The University of Minnesota believes the wind-to-ammonia concept is sufficiently promising to have built an 40KWatt demo plant as described here.  It’s meant to be a proof-of-concept for an 8MWatt community-scale fertilizer plant (for 150,000 acres of corn), but as the size is further scaled up, it should approach the fuel-plant efficiency and economics described above.

Yes, Roger, in the US, natural gas is by far the cheapest energy source, once plant capital costs are included.  This is true of electricity generation, syn-fuel production, and even more so for use as a transportation or direct heating fuel.

The whole alternative fuel concept is really only viable for fossil fuel importing nations/regions (of which there are many), as well as a future US in which fossil fuel use must decrease (whether due to resource depletion or environmental/climate concerns).

But this does show that the cost of transportation fuel need never be higher than what the Europeans currently pay.  So fuel scarcity will never drive us to dramaticly restructure society, force other solutions involving lifestyle change or restrictions on consumer choice, nor will we be forced into widespread wildlife habitat destruction in the name of biofuel.

Hmmm, not sure why you are using $53 / MWhr when the PPA numbers for the central region are coming in around $20 / MWhr (figure 45) in the same report.  It appears your interest is not particularly objective.  Of course, the whole point of building the HVDC is to access the better sites which will be at the low end and, in fact, Barnard is saying that he is hearing industry experts suggesting further downward trends.  There is already transmission access to mediocre and even good sites and those are what are producing the high numbers that you try to portray as likely for the future.  Almost none to the great sites have suitable transmission access.  I invite you to take a moment to look at the maps and turbine siting in this post.  It is quite clear that the best sites are nearly untouched and it correlates with lack of transmission access. 

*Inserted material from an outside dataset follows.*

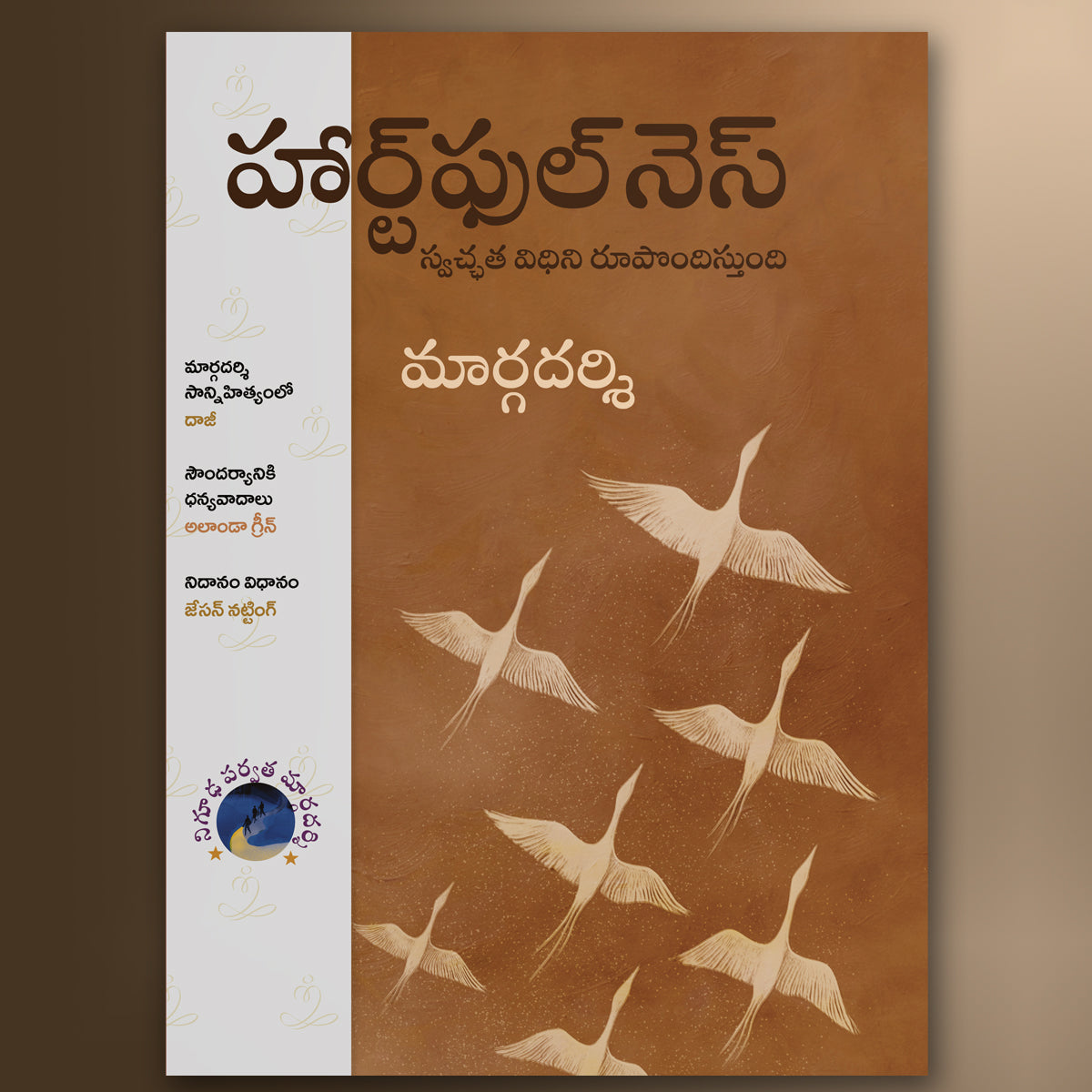Heartfulness Magazine - September 2025- Ebook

Also based upon my read of their site, it would appear that Clean Line Energy is well along on getting their right of ways.  What do you consider ‘a long way off?’  It sounds like you have better information.  Could you please cite credible sources that suggest that Clean Line Energy’s projects are delayed and that HVDC is a long way off?  Do you think it is further off then large scale use of CCS for example?  Also, Texas is in the process of expanding transmission to high wind areas.  I have not gotten my hands on the transmissio line maps.  But it is hard for me to imagine that they are going to be building transmission out to their low CF regions.